Cytometry. 1995 Sep 1;21(1):23-9. doi: 10.1002/cyto.990210107.
Human solid tumors accumulate multiple genetic abnormalities as they progress to advanced stages. Multiparameter flow cytometry measurements of individual cells within each tumor may be useful in describing the genetic pathways taken by individual tumors during the course of their genetic evolution. In this paper, we analyzed correlated cell-by-cell measurements of cell DNA content, HER-2/neu protein content, and ras protein content obtained by multiparameter flow cytometry studies of primary breast cancers from 92 patients. These laboratory findings were correlated with established clinical prognostic factors for each patient at the time of diagnosis, using a stepwise multiple analysis of variance (MANOVA). The stepwise MANOVA successively splits a group of patients into two mutually exclusive dissimilar groups, selecting the clinical prognostic factor that is most effective in doing so. Using this criterion, formation of the first three groups that were judged most dissimilar on the cytometry parameters was based on the number of positive nodes at the time of diagnosis. We show that ploidy, HER-2/neu protein content, and ras protein content, as measured by multiple parameter flow cytometry, are correlated with nodal status and other known clinical prognostic factors. The cell-by-cell multiparameter data suggest that for some individual tumors there are multiple genetic evolutionary pathways. Multiple genetic evolutionary pathways are also suggested by the MANOVA analysis. Focusing on the identification and analysis of genetic evolutionary pathways within individual tumors and across patients appears to offer a promising approach for defining the prognosis of early cancers.
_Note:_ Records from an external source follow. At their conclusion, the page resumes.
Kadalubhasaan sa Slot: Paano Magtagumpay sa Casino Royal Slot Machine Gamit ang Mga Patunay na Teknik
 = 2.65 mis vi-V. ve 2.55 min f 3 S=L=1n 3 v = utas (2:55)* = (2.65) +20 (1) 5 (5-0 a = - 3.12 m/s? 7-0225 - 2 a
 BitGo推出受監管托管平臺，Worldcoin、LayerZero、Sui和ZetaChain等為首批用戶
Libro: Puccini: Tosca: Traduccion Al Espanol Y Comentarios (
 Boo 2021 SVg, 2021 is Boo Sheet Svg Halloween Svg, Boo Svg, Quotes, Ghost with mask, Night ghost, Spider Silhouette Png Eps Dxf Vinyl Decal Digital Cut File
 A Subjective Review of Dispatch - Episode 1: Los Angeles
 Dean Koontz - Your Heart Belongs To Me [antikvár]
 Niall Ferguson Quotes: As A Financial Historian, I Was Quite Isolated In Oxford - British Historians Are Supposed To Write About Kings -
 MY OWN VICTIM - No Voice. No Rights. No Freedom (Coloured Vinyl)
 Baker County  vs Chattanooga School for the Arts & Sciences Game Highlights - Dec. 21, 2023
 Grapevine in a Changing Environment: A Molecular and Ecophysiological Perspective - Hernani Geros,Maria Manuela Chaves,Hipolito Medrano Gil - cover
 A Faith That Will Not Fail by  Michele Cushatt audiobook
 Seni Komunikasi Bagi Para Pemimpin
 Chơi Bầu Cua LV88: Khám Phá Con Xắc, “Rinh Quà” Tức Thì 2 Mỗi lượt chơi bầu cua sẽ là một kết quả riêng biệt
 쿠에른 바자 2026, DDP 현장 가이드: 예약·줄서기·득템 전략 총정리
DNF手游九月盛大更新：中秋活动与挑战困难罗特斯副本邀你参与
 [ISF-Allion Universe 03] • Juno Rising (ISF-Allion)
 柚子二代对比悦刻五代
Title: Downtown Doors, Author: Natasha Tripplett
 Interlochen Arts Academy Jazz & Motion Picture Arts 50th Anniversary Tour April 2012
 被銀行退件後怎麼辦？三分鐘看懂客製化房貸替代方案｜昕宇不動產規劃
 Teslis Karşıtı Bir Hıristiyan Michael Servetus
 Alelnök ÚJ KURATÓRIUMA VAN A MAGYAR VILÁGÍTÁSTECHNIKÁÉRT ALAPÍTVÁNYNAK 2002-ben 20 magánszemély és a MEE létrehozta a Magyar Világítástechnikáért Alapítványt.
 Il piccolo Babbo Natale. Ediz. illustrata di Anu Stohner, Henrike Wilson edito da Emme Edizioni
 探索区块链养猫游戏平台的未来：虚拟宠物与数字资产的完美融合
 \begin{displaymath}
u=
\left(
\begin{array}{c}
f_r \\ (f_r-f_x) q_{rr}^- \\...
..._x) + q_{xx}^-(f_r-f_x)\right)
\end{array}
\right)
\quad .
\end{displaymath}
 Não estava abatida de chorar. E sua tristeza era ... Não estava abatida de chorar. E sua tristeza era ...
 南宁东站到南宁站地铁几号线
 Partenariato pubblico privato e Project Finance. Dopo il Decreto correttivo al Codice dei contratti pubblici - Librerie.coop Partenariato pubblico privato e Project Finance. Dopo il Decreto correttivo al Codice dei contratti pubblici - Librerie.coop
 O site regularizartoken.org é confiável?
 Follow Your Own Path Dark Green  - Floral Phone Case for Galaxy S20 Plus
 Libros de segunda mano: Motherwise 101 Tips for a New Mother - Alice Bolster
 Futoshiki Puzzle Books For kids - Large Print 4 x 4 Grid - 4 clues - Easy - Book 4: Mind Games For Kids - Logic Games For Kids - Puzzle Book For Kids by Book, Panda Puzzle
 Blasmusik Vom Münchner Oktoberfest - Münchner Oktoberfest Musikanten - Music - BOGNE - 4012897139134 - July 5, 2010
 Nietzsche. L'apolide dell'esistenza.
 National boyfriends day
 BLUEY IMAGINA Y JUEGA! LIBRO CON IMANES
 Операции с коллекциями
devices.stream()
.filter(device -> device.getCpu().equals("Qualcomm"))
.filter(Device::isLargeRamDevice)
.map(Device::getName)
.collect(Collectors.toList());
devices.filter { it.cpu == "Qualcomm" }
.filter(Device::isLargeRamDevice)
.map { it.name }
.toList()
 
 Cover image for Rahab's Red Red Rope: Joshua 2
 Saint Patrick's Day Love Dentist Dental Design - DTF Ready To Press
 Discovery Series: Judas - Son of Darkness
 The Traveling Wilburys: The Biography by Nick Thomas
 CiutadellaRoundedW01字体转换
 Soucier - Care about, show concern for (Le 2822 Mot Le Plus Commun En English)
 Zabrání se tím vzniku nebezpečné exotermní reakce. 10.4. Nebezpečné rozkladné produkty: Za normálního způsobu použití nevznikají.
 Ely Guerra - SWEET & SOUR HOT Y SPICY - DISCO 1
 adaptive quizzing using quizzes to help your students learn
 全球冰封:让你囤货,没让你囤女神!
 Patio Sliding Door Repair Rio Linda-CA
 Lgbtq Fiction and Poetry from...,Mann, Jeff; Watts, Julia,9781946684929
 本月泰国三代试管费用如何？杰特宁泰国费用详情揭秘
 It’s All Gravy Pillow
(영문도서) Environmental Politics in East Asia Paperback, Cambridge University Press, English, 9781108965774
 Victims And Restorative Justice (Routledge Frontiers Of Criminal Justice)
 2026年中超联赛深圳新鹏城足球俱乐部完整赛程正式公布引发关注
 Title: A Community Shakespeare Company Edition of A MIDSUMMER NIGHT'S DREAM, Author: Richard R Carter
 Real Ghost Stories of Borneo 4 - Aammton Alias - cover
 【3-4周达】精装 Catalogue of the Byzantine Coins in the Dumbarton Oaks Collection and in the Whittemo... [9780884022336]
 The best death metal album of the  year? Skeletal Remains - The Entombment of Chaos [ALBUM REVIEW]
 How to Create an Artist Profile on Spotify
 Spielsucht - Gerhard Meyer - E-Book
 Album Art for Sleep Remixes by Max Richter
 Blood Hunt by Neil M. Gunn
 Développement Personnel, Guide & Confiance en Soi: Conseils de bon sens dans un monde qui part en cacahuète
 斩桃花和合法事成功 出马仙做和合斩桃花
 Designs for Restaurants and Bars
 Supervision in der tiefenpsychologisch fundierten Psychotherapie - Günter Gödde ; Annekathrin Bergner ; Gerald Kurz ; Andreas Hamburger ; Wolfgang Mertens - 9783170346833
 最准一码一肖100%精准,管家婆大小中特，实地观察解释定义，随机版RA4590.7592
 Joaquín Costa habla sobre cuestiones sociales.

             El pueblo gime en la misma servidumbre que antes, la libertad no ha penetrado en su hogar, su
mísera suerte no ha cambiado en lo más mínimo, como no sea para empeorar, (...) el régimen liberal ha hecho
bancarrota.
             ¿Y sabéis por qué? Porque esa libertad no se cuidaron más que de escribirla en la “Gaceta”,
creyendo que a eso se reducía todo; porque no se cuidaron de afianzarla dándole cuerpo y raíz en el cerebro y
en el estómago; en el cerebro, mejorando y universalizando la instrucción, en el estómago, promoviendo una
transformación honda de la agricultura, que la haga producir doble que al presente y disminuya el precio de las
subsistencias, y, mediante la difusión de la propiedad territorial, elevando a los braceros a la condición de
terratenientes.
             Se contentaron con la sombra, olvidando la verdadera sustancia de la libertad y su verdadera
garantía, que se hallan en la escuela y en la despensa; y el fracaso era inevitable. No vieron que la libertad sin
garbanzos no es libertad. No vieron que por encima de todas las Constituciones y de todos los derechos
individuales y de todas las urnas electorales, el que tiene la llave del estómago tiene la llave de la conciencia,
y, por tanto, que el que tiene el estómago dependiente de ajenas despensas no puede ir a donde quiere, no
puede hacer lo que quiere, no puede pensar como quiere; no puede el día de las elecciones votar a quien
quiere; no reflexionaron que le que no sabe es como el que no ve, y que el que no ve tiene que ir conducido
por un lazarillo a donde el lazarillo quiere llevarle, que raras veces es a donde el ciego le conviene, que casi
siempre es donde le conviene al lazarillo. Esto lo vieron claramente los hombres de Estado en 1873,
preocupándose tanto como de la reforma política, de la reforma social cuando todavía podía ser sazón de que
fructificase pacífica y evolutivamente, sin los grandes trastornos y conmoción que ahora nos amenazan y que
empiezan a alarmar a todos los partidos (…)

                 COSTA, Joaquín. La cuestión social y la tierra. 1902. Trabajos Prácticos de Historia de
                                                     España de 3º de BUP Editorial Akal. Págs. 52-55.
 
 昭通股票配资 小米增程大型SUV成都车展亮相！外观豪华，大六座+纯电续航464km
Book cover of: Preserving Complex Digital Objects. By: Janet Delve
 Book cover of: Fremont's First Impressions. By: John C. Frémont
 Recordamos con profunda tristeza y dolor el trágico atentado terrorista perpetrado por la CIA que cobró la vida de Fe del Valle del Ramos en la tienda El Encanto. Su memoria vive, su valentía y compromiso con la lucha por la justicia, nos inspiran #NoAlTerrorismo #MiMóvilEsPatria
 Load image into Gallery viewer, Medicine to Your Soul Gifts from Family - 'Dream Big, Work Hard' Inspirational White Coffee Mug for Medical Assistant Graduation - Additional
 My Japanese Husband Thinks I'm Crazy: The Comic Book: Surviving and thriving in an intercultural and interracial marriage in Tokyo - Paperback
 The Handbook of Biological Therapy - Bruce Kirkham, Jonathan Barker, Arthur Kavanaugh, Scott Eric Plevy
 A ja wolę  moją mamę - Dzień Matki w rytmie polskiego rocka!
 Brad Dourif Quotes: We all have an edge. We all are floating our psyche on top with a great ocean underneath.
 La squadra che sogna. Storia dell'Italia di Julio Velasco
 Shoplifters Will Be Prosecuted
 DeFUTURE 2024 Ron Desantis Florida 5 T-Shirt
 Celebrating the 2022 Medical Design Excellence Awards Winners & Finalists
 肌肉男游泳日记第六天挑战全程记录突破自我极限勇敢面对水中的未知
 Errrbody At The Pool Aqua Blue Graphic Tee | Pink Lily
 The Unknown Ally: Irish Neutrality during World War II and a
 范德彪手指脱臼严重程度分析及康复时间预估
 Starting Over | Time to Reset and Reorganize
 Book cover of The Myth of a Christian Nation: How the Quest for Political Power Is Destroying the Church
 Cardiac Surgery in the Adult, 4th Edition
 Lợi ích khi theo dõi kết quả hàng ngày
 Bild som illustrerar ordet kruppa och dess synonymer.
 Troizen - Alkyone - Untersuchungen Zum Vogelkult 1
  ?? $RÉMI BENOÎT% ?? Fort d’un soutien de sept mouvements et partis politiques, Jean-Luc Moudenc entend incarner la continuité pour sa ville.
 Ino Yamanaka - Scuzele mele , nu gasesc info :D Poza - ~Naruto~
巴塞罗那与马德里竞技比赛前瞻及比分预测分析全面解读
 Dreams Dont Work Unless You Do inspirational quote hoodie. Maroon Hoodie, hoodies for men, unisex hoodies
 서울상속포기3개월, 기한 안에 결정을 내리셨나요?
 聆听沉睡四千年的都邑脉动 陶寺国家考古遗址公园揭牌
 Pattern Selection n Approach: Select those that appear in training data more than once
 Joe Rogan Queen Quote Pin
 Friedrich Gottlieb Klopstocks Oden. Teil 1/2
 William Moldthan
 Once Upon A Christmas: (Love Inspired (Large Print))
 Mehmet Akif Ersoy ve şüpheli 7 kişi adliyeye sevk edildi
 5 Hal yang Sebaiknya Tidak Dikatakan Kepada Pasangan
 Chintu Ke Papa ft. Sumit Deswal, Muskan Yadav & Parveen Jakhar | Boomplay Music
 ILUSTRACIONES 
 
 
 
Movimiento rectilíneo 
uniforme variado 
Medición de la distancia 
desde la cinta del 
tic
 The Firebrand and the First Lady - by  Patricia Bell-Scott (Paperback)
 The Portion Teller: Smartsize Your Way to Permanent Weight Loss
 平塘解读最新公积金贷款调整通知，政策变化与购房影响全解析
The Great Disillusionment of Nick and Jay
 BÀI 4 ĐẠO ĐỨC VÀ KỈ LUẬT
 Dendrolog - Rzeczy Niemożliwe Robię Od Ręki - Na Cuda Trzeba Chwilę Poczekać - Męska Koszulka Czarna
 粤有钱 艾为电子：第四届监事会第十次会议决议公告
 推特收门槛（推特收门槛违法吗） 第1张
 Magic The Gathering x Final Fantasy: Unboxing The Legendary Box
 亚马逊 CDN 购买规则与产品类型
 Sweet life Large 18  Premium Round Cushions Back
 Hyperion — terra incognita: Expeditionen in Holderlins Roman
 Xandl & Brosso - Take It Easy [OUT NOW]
人类实体瘤在发展到晚期时会积累多种基因异常。对每个肿瘤内的单个细胞进行多参数流式细胞术测量,可能有助于描述单个肿瘤在基因进化过程中所采取的基因途径。在本文中,我们分析了通过对92例原发性乳腺癌进行多参数流式细胞术研究获得的细胞DNA含量、HER-2/neu蛋白含量和ras蛋白含量的逐细胞相关测量数据。这些实验室结果与每位患者诊断时已确定的临床预后因素相关,采用逐步多变量方差分析(MANOVA)。逐步MANOVA将一组患者依次分为两个相互排斥的不同组,选择最有效的临床预后因素。根据这一标准,在细胞术参数上被判定最不同的前三组的形成基于诊断时阳性淋巴结的数量。我们表明,通过多参数流式细胞术测量的倍性、HER-2/neu蛋白含量和ras蛋白含量与淋巴结状态及其他已知临床预后因素相关。逐细胞多参数数据表明,对于某些个体肿瘤存在多种基因进化途径。MANOVA分析也表明存在多种基因进化途径。专注于识别和分析个体肿瘤内以及患者之间的基因进化途径,似乎为确定早期癌症的预后提供了一种有前景的方法。